Las palabras parecen tener vida propia, o al menos, albedrío caprichoso. Nunca vienen cuando las llamo en silencio, con mis poros abiertos y la mirada perdida sobre el horizonte blanco. Nunca vienen cuando las llamo a gritos, desesperado de letras, y mucho menos si se las exijo, enérgico y convencido, al almacén de la memoria. Nunca vienen cuando las llamo. Nunca vienen. Nunca.

Nunca aparecen cuando las necesito y remolonean apáticas en su refugio en lugar de acudir prestas en mi ayuda. Seguramente mi dolor, mi alegría, les parece muy poco; mi tristeza, nadería, mi nostalgia, fracaso. Tendrán cosas mejores que hacer para no querer chapotear conmigo en el barro.

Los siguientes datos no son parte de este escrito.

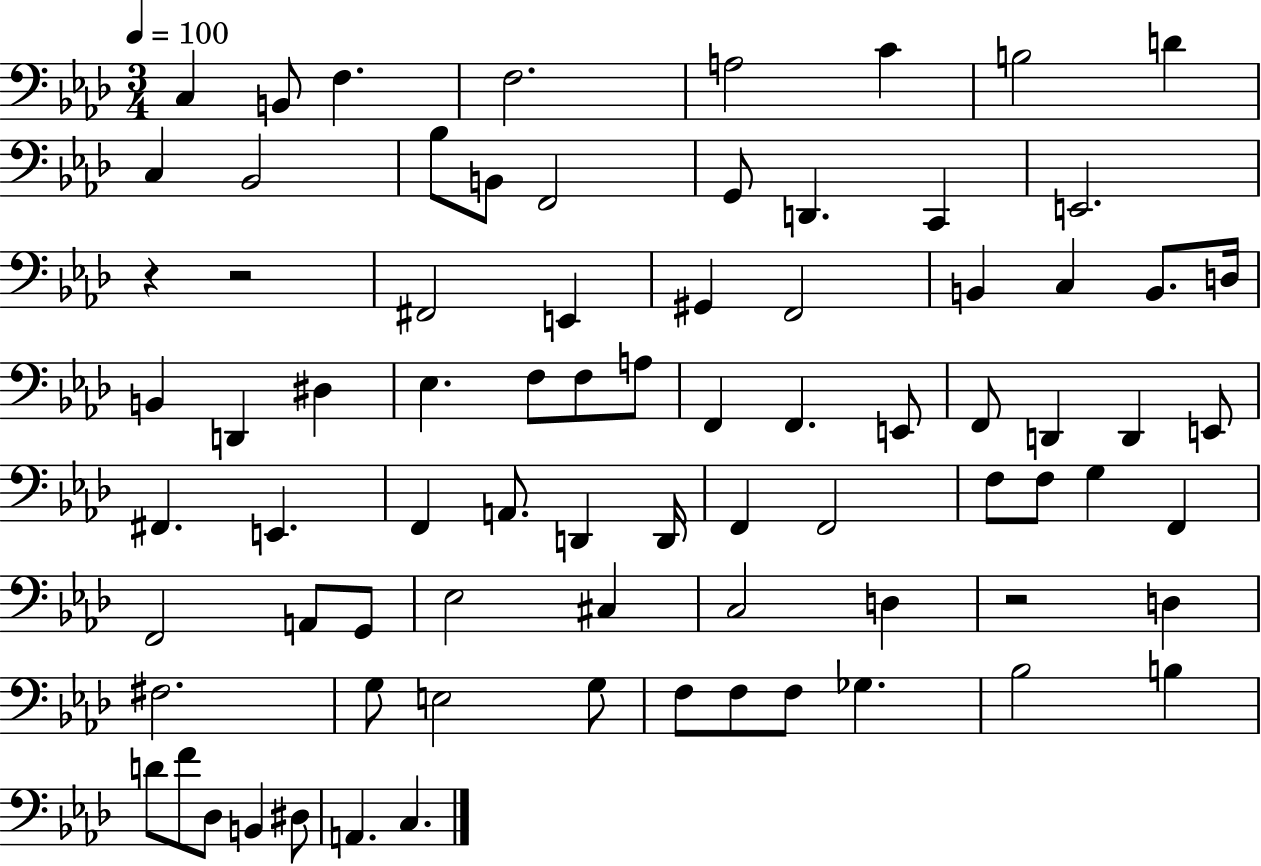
C3/q B2/e F3/q. F3/h. A3/h C4/q B3/h D4/q C3/q Bb2/h Bb3/e B2/e F2/h G2/e D2/q. C2/q E2/h. R/q R/h F#2/h E2/q G#2/q F2/h B2/q C3/q B2/e. D3/s B2/q D2/q D#3/q Eb3/q. F3/e F3/e A3/e F2/q F2/q. E2/e F2/e D2/q D2/q E2/e F#2/q. E2/q. F2/q A2/e. D2/q D2/s F2/q F2/h F3/e F3/e G3/q F2/q F2/h A2/e G2/e Eb3/h C#3/q C3/h D3/q R/h D3/q F#3/h. G3/e E3/h G3/e F3/e F3/e F3/e Gb3/q. Bb3/h B3/q D4/e F4/e Db3/e B2/q D#3/e A2/q. C3/q.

Nunca llegan puntuales a las citas que les prodigo y, si alguna vez extraña, consienten en quedarse conmigo, para impedirme huir y animarme a presentar batalla, no pasan de la boca, de la lengua, de los ojos, del corazón o de la espalda… o de donde quiera que sea el sitio en el que esconden las palabras.

Pero, cuando huyo de ellas para descansar de la locura, para cerrar los ojos al mundo o para escuchar los latidos de la luna, entonces, y sólo entonces, me persiguen por todas partes hasta los mismísimos confines del duermevela. Me levantan de la cama, esclavo, amante, amigo, y me hacen encender las luces de la casa y la máquina de tricotar ruiditos.

Para dictarme al oído con voz profunda y despierta, no sé si tú, yo mismo o ellas, destellos embobados que brotan atropelladamente sobre las teclas. Para mandarme de viaje a las cataratas embravecidas del corazón y los recuerdos. O a veces, para tomarme el pelo y dejarlo todo a medias.

Mucho tiempo después, por fin, concluyen sus designios y puedo, cansado, volverme horizontal; aún entonces me perturban, no me dejan tranquilo. Se unen en remolinos para danzarme en la oscuridad y contarme mil historias de sal, que no me dejan descansar hasta que, en un descuido, consigo engañarlas, otra noche más, haciéndome el dormido.